Springer, 2007. — 249.
The challenges of contemporary fleet management are moving beyond cost efficiency towards superior customer service, agility, and responsiveness to requirements that vary at a time scale unthinkable even a decade ago. Over the last forty years classical methods of fleet management have addressed extensively the issue of cost efficiency by developing a priori routing plans in a wide spectrum of practical problems. However, the use of an initial plan, although necessary, is by no means sufficient to address events that are likely to occur during plan execution and significantly affect system performance. Typical examples of such evens are customer orders that arrive in real time and should be served by vehicles already on route, as well as disturbances intrinsic to urban environments, such as traffic delays, parking unavailability, and breakdowns. The ability to deal with such cases in a satisfactory manner is increasingly important to the competitiveness of logistics and transport related operations.

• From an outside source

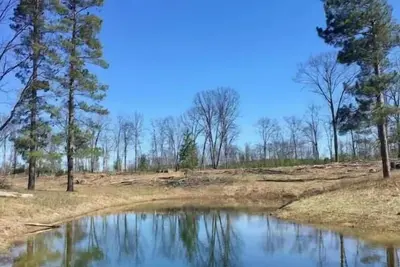 Image de Lions Den Getaway in the Middle of No where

Dynamic fleet management refers to environments in which information is dynamically revealed to the decision maker. This information may not be known at the initial planning stage, and/or may change after the construction of the initial fleet routes during plan execution. In addition, there are significant cases in which no routing exists and the system responds to requests that arrive dynamically.
Methods that address the critical issues of dynamic fleet management may be implemented in practical systems by taking advantage of recent advances in satellite and mobile communication technologies. Specifically, satellite location identification systems that use the Global Positioning System (GPS) and terrestrial mobile communication systems, such as the General Packet Radio Service (GPRS) or Terrestrial Trunked Radio (TETRA), enable fleet operators to monitor the execution of a plan and to manage operations in real time, thus improving fleet performance.
This edited volume aims to highlight important advances in the emerging field of Dynamic Fleet Management. The fundamental problem of real time vehicle routing is defined and solution methods are presented and classified. Emphasis is also given to algorithmic approaches that are able to process dynamic information and produce solutions of acceptable quality for significant dynamic fleet management problems in almost real time. Finally, the volume includes case studies that address actual dynamic problems by combining systemic and algorithmic approaches.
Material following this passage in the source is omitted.